Russian mixed martial artist (born 1995)

Azamat Ruslanovich Bekoev (Russian: Азамат Русланович Бекоев; born December 30, 1995) is a Russian professional mixed martial artist. He currently competes in the Middleweight division for the Ultimate Fighting Championship (UFC). Bekoev is a former LFA Middleweight Champion.

==Professional career==
===Early career===
Bekoev made his professional debut on September 27, 2015. He took on two fighters that night as part of the MPF Moscow Rumble Open Cup. His first opponent of the night was Alexander Markosyan, whom he would beat via submission in the first round. His next opponent was Alexey Maslov, whom he would also beat via a first round submission.

===Absolute Championship Berkut===
His next fight would come over a year later for Russian promotion Absolute Championship Berkut. He faced fellow countryman Dzhabrail Yasaev. Bekoev would win the fight via submission in the third round.

===Return to regionals===
After a nine month layoff, Bekoev would return in a bout against Ramazan Magomedov. Bekoev would win the fight via yet another submission, this time in the third round.

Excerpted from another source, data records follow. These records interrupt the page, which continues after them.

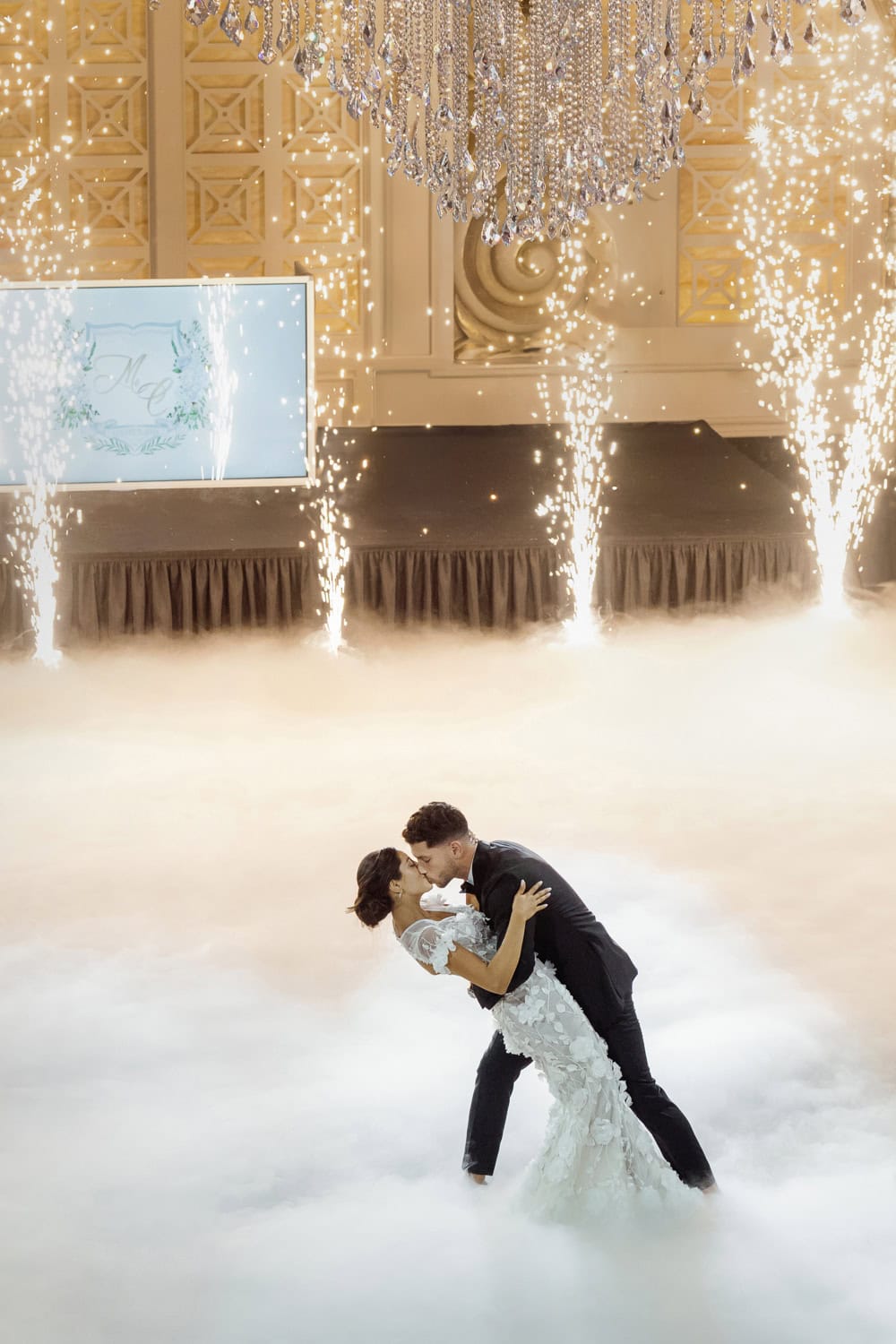 A newlywed couple shares a passionate dip and kiss during their wedding reception, with sparklers and a cloud-like dance floor creating a breathtaking moment.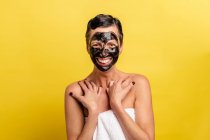 Cheerful middle aged female with black peel off mask standing on yellow studio background looking a camera — Stock Photo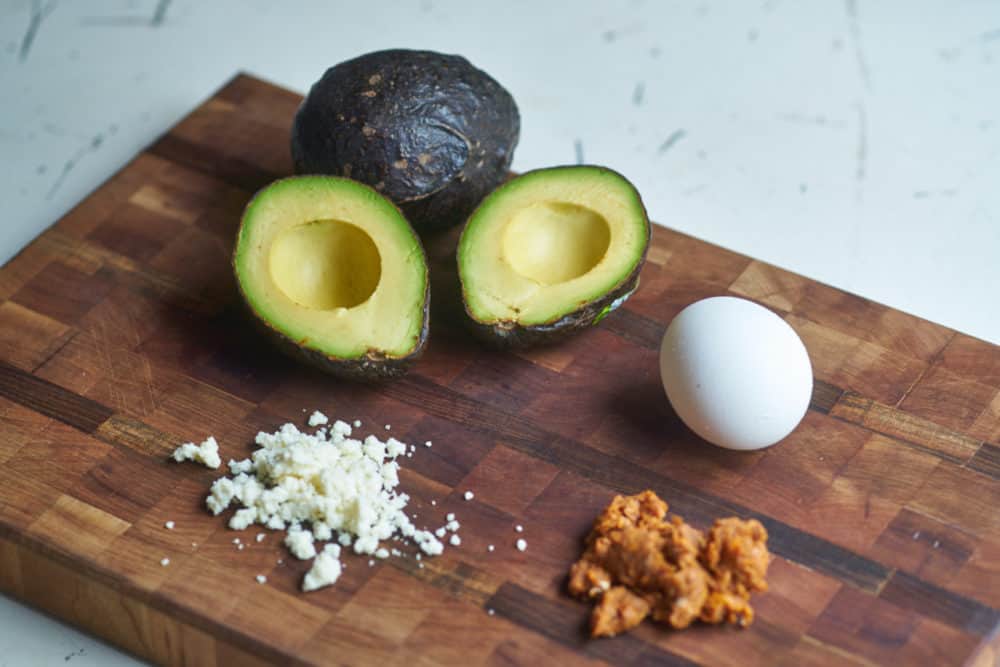 A split avocado, an egg, queso fresco and chorizo displayed on a wooden cutting board.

He would return two months later, where he would yet again have two fights in one night. His first opponent was Iran's Mustafaliatif Muhammadi. Bekoev would win via knockout fifteen seconds into the first round. His next opponent was Azerbaijan's Sarkhan Garaev whom he would also defeat via a first round knockout.

===Return to Absolute Championship Berkut===
After a nine month hiatus, Bekoev would return against Amirkhan Kukaev. Bekoev would win the fight via submission in the second round.

He would return six months later against Elshad Guseynov. He would win via a second round submission.

Two months later, he would take on Magomedrasul Gasanov. Bekoev would unfortunately lose the fight via a Split Decision, and thus suffering his first defeat.

He would return three months later in a bout against Armenia's Mikhail Allakhverdian. Bekoev would win via a Unanimous Decision.

===Return to regionals===
After a nine month hiatus, Bekoev would return against Cameroon's Mbazou Nana. Bekoev would win via a first round TKO.

===Absolute Championship Akhmat===
Bekoev would return to now rebranded Absolute Championship Akhmat ten months after his last fight. He faced Araz Mamedov, whom he defeated via a first round TKO.

He would return two months later against Ibragim Magomedov. Bekoev would lose this fight via a Split Decision, thus suffering his second career defeat.

His next fight would come four months later against Chris Honeycutt. Bekoev would win via submission in the second round.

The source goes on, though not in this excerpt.